When the single-precision and double-precision code are mixed, another situation occurs. In intel netburst-based processors, using cvtss2sd has performance penalty against the following replaceable code sequences:
XORPS XMM1, XMM1MOVSS XMM1, XMM2CVTPS2PD XMM1, XMM1
In Intel Core solo and Intel Core Duo processors, using cvtss2sd is more desirable than this replacement sequence.
3.8.4.2 x87 floating point operation with integer operands
For intel netburst-based processors, the floating-point operations (fiadd, fisub, fimul, and fidiv) that use 16-bit integer operands are separated into two commands (fild and one floating-point operation) more efficient. However, for floating-point operations with 32-bit integer operands, using fiadd, fisub, fimul, and fidiv is equally efficient than using independent commands.
Assembly/compiler encoding rules 65: Try to use 32-bit operands instead of 16-bit operands for fild. However, this is not required for overhead that introduces a storage transshipment problem by writing half of two 32-Bit Memory operands separately.

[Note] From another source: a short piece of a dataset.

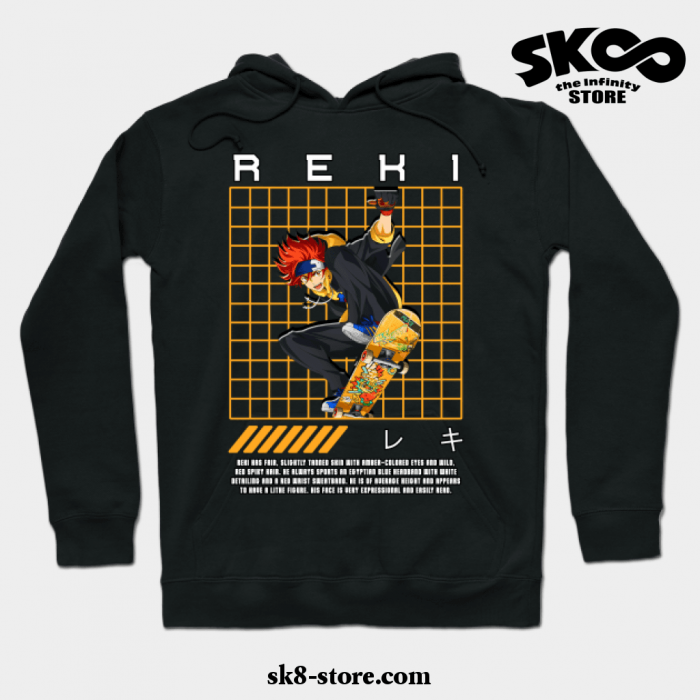 Reki Line Rect Hoodie Black / S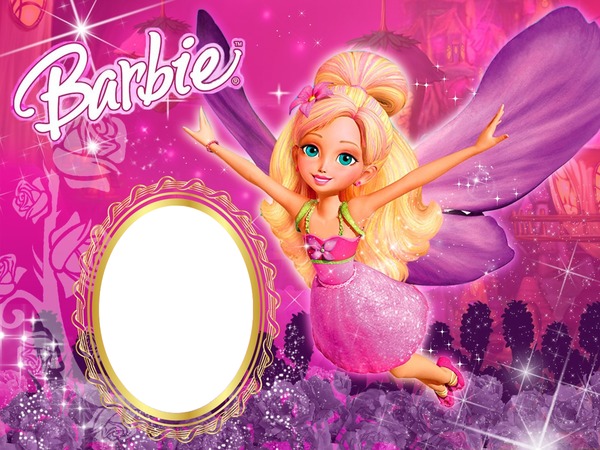 Barbie Pulgarcita Photo frame effect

3.8.4.3 x87 floating point comparison command
The fcomi and fcmov commands should be used when x87 floating point comparison is executed. The use of fcom, fcomp, and fcompp commands generally requires additional commands, such as fstsw. The latter replacement scheme causes more minor operations to be decoded and should be avoided.
3.8.4.4 beyond functions
If an application needs to use software to simulate mathematical functions for performance or other reasons (see section 3.8.1), it is worth calling the inline mathematical library, because this call and the preface/end involved in such a call will seriously affect the operation delay.
Note that exclusive functions are only supported in the x87 floating point, not in SSE or sse2.